(Short web captions)

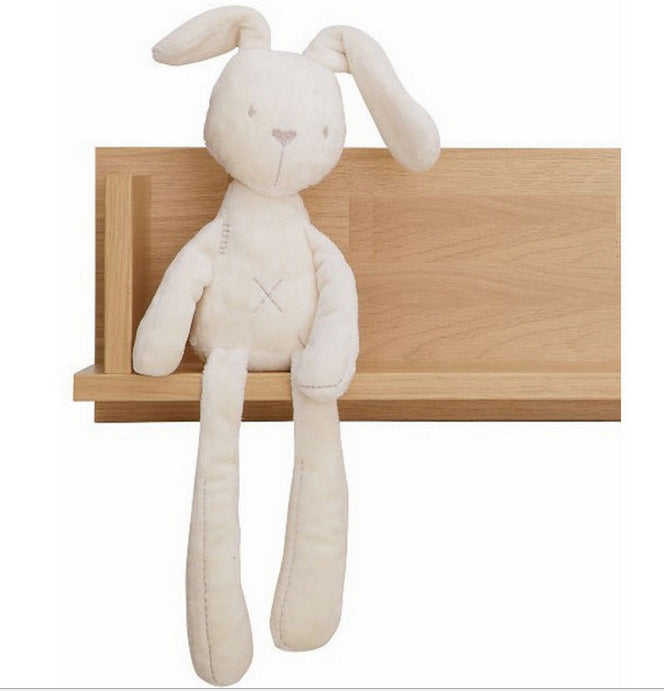 Uno Unique - modern plush rabbit for nursery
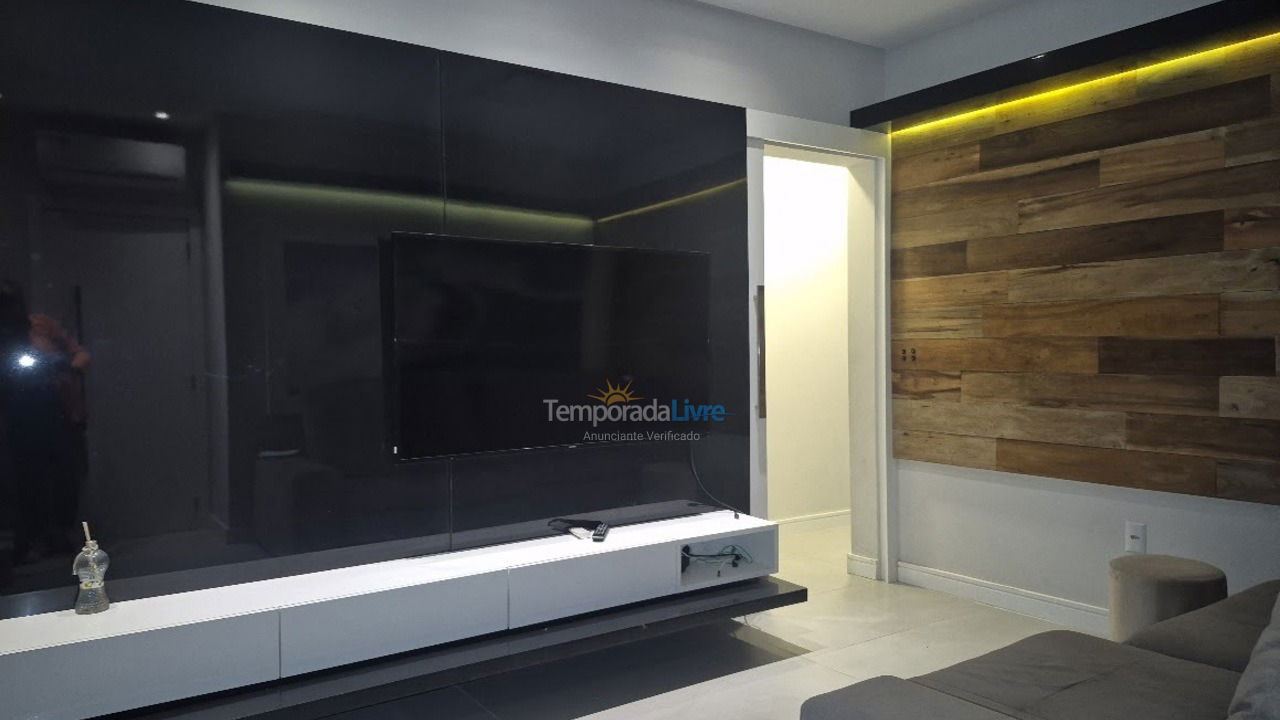 Apartamento para alquiler de vacaciones em Bombinhas (Canto Grande)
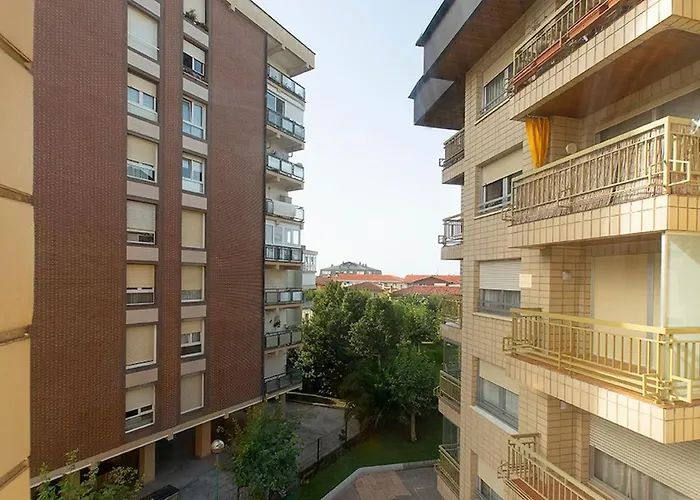 Earra - Itxaso - Garaje Incluido - 2 Minutos Playa Apartmán Zarautz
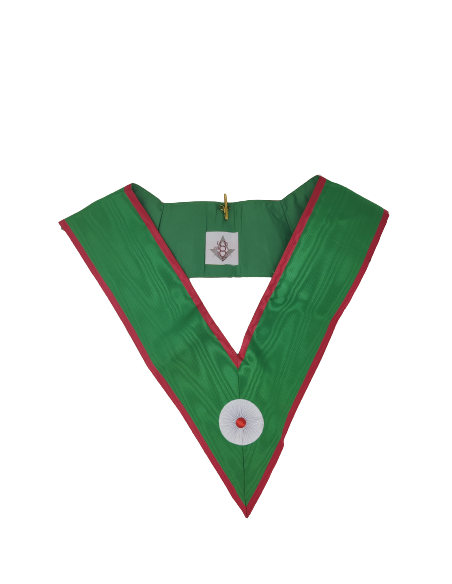 Sautoir CBCS (Chevalier Bienfaisant de la Cité Sainte)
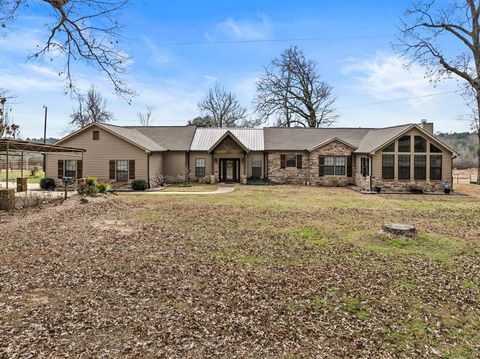 A home in Hughes Springs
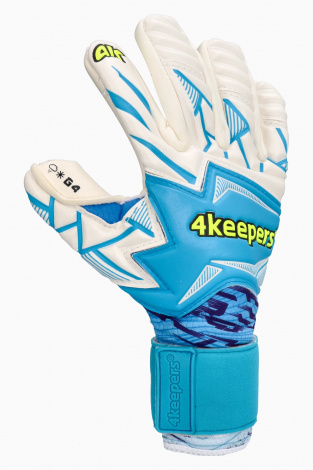 Воротарські рукавички 4keepers Force V1.25 Fury HNC Junior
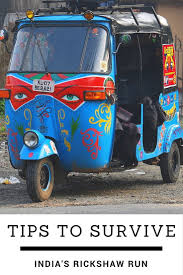 Tips To Survive The Rickshaw Run Voyage Asie Sri Lanka Birmanie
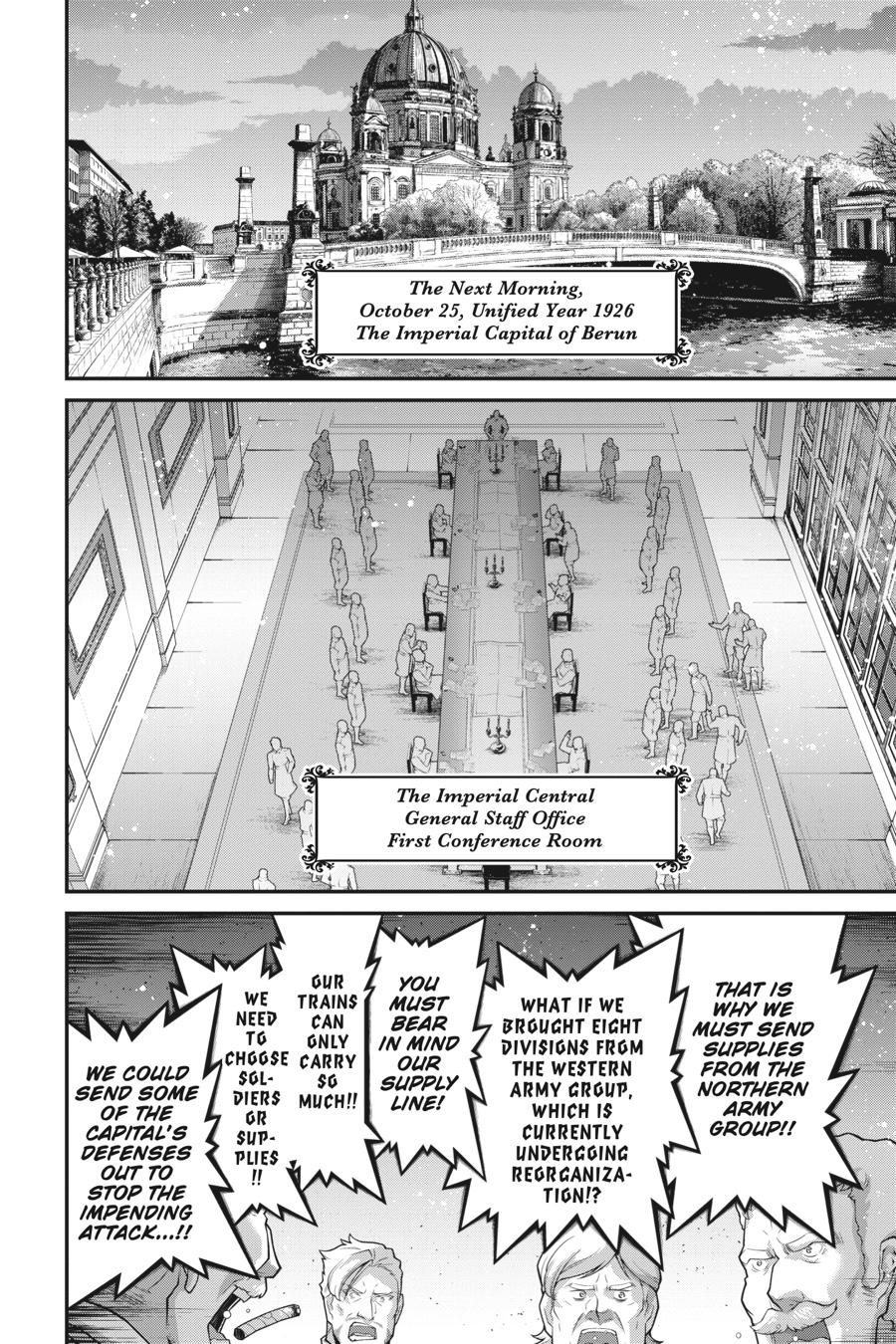 The Saga of Tanya the Evil Chapter 81 - Page 28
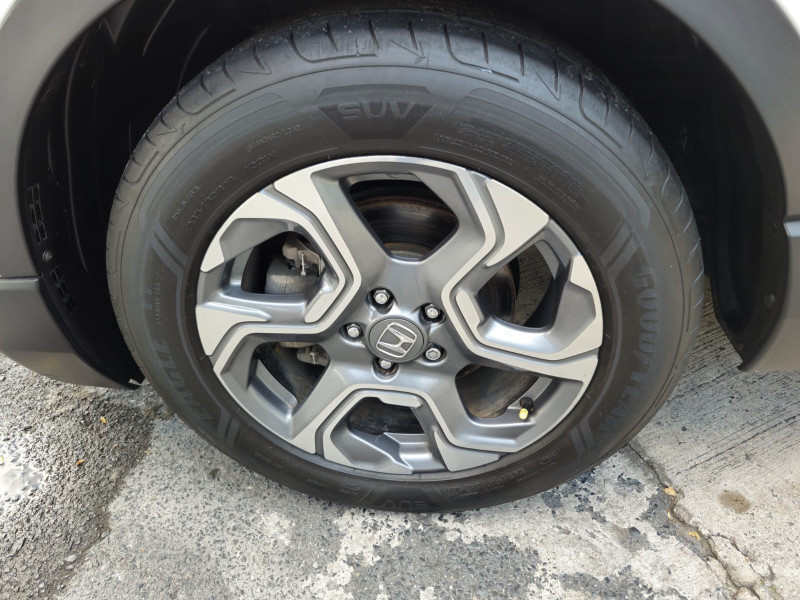 Honda CR-V Turbo Plus 2017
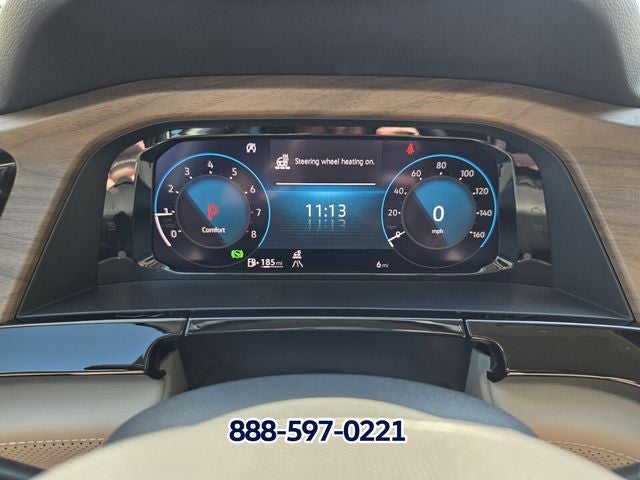 2026 Volkswagen Atlas 2.0T SE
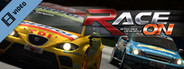 RACE On Trailer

### What the exercise asks:
Once the line containing "Tips To Survive" is found, copy it and each line after it through the end of the entries above exactly; nothing else, and no pictures.

### The completed task:
 Tips To Survive The Rickshaw Run Voyage Asie Sri Lanka Birmanie
 The Saga of Tanya the Evil Chapter 81 - Page 28
 Honda CR-V Turbo Plus 2017
 2026 Volkswagen Atlas 2.0T SE
 RACE On Trailer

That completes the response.